Hah, yea I've had things like that happen. When I'm trying to pronounce something differently I always have to hesitate and think when I come to the word. Reading is such a subconscious action that it's hard reverse a long-time habit.
If you haven't read 'Latro in the Mist' though I'd recommend that. It's a written account much like 'New Sun,' but in this case the narrator forgets everything each day so he writes it all down, instead of 'New Sun' where the narrator remembers everything clearly.
Thanks! 'There Are Doors' sounds great - I've read books that are told in 3rd person but still subjective to one or more of the characters, but nothing quite like the way that sounds. I also subvocalize waay too much, which is probably why I don't read very fast, so I'm the same way with word pronunciations. In the worst cases I just skip the word entirely when reading, and many times I find that I've been pronouncing one wrong in my head the entire time and it's almost impossible to revert to the real pronunciation.
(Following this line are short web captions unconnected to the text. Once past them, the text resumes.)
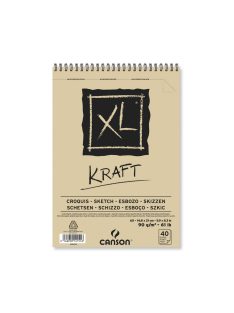 CANSON XL KRAFT, natúr barna színű rajztömb, spirálkötött, mikroperforált 90g/m2 40 ív A5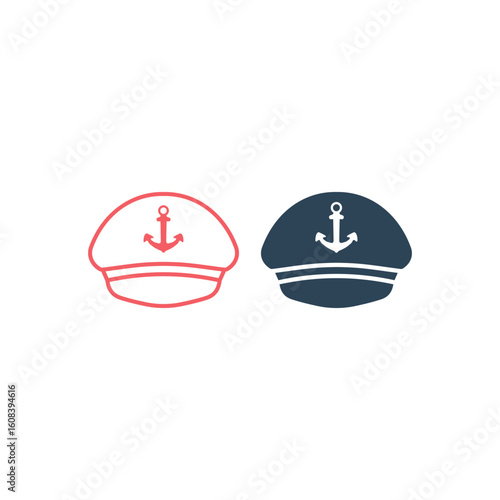 Captain hat vector illustration icons set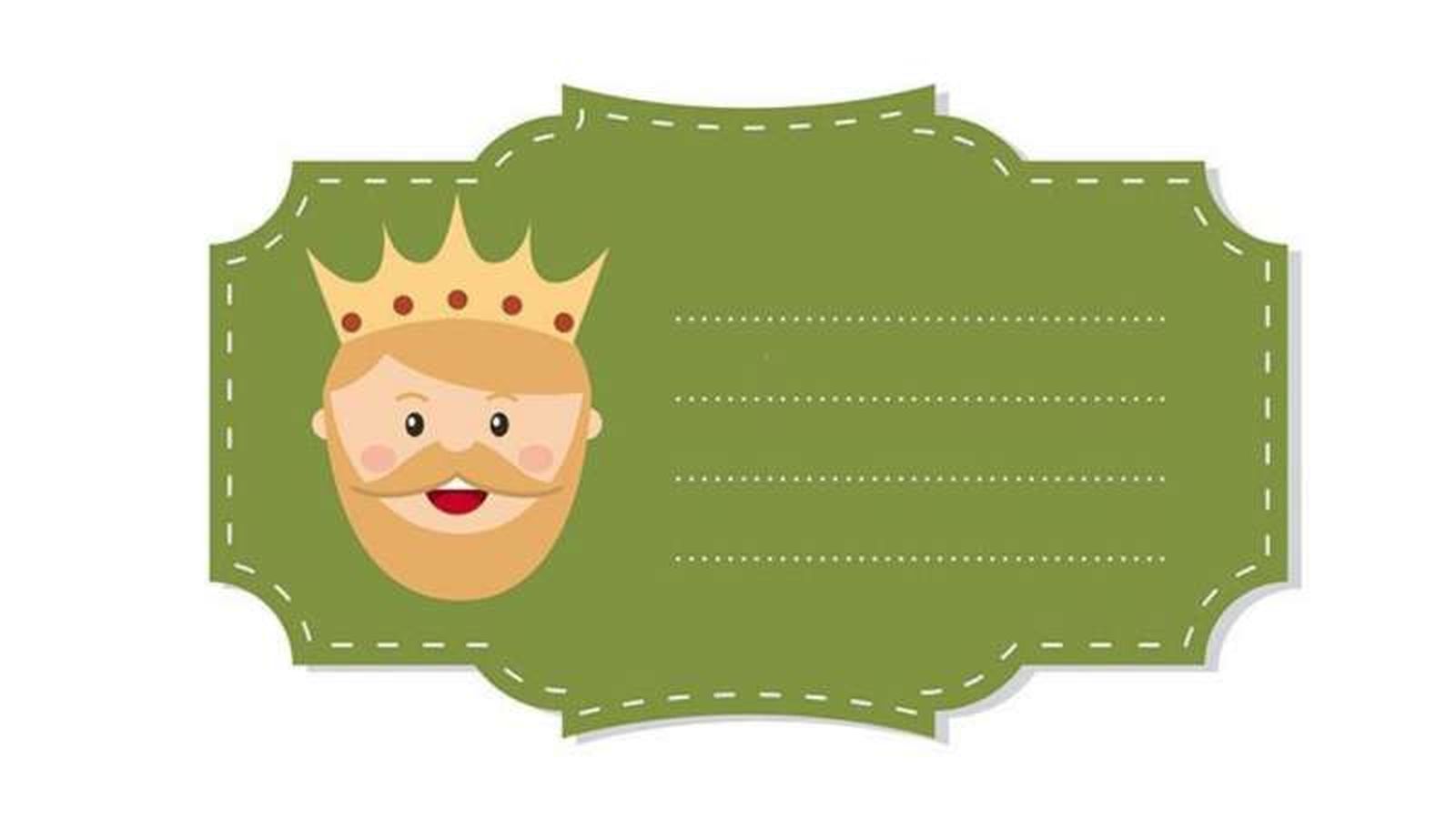 Etiqueta verde del Rey Gaspar para personalizar los regalos de Reyes.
Haha, yea I love how he pulls us right into the world by assuming that those are common to us. I didn't look them up at the time though, so it's interesting to find out what they mean.
That's awesome that it was through one of his words that you found out about the book, and I now see what you mean about how none of his words are really invented. My favorite one so far is baluchither. I thought of it as an elephant type animal but without a trunk, since no trunk was mentioned anywhere. In my mind I also gave it more of a protruding, lizard-like head, for what reason I don't really know. Just recently found out that it in fact refers to a huge, now extinct, hornless rhinoceros (baluchitherium or indricothere), which looks surprisingly close to what I envisioned.
My first introduction to Wolfe was through Able's journey in 'The Wizard Knight,' which I loved. Then I followed all of Latro's accounts, which were somewhat harder to get into but my fascination with Greek and Egyptian mythology was more than enough to keep my interest. And now it's on to Severian.
'Peace' sounds great though, and I'm sure I'll be delving into that and some of his older work once I finish all of these.
Great compilation of words here. I had read and really loved some of Wolfe's newer stuff before I picked up the first in this series, but I didn't get past the first few pages before getting sidetracked and eventually losing the book. I recently finally found another copy and now I don't know how I ever stopped in the first place! It's such a slow, rich read, especially considering the speed at which I read things I'm genuinely interested in, that between the New Sun and Long Sun I bet I have another good year's worth at least to enjoy.
Thanks for the list! I'll definitely check back here as I read to some of the more mysterious words I come across. I love his writing style and use of both old and invented words. For the most part there's always just enough context for me to imagine what they refer to, but at the same time I love how he treats you like you should already know what they mean, even when you really shouldn't know, and in that way allows your imagination more room to wonder, which is what good fiction should do.